Na psicanálise, compreendemos que o sujeito pode permanecer em determinados vínculos ou contextos não porque são bons — mas porque são familiares. Há algo ali que ecoa afetos antigos, padrões infantis, dores mal elaboradas. E isso pode gerar uma repetição inconsciente, onde se revive, sem perceber, os mesmos enredos de sofrimento.
Como já dizia Freud:
“O que o paciente repete é o passado não lembrado.”
(Freud, 1914/1996, p. 199)
Essa permanência pode se manifestar na vida adulta como a insistência em relações abusivas, em ambientes de trabalho desumanos ou até na dificuldade de deixar para trás papéis que já não fazem mais sentido. Permanecer pode ser uma forma de tentar consertar no presente algo que feriu no passado — e, muitas vezes, de forma inconsciente.
A culpa de sair
Um dos maiores empecilhos à mudança é a culpa.
A culpa por decepcionar. A culpa por deixar alguém para trás. A culpa por parecer egoísta. Mas será que é mesmo egoísmo sair de um lugar que te adoece?
É preciso se perguntar:
O que ainda me prende a esse lugar?
Estou tentando proteger alguém… ou continuar sendo aceito?

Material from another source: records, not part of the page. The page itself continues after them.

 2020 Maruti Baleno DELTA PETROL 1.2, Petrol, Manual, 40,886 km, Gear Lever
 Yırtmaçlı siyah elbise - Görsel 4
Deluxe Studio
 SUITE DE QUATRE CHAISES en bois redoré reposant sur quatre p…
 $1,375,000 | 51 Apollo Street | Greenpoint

O que eu temo perder se decidir crescer?
Como bem nos ensinou Lacan:
“O desejo do homem é o desejo do Outro.”
(Lacan, 1958/1998, p. 688)
Isso significa que, muitas vezes, desejamos o que o Outro deseja de nós. Permanecemos onde esperam que fiquemos. Amamos, trabalhamos, resistimos… em nome de um desejo que não é genuinamente nosso, mas que nos dá uma ilusão de pertencimento.
Quando sair é palavra
Françoise Dolto nos oferece uma perspectiva poderosa sobre o processo analítico:
“A tarefa de uma boa análise é fazer o paciente encontrar palavras para substituir os atos.”
(Dolto, 1992, p. 63)
Sair, nesse sentido, é uma palavra. É uma escolha simbólica.
É dizer: “basta”. É escolher escrever uma nova narrativa para a própria vida.

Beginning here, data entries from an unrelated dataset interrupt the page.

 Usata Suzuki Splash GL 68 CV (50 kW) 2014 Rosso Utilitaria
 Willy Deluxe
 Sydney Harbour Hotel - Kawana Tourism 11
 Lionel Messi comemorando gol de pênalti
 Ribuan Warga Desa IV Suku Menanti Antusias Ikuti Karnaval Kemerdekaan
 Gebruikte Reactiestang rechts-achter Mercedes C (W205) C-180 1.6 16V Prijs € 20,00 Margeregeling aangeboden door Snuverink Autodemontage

Sair pode ser um ato de amor-próprio.
De maturidade.
De compromisso com aquilo que você ainda pode se tornar.
Em tempo…
Você já precisou sair de um lugar para finalmente começar a crescer?
O que foi mais difícil nesse processo: a decisão ou a culpa?
A psicanálise não traz respostas prontas. Mas traz perguntas que desconstroem.
Porque, às vezes, é preciso se retirar… para poder se encontrar.
Referências:
FREUD, Sigmund. Recordar, repetir e elaborar (1914). In: ______. Edição Standard Brasileira das Obras Psicológicas Completas de Sigmund Freud, v. 12. Rio de Janeiro: Imago, 1996.
LACAN, Jacques. O seminário, livro 11: Os quatro conceitos fundamentais da psicanálise. Rio de Janeiro: Zahar, 1998.
DOLTO, Françoise. A causa das crianças. São Paulo: Martins Fontes, 1992.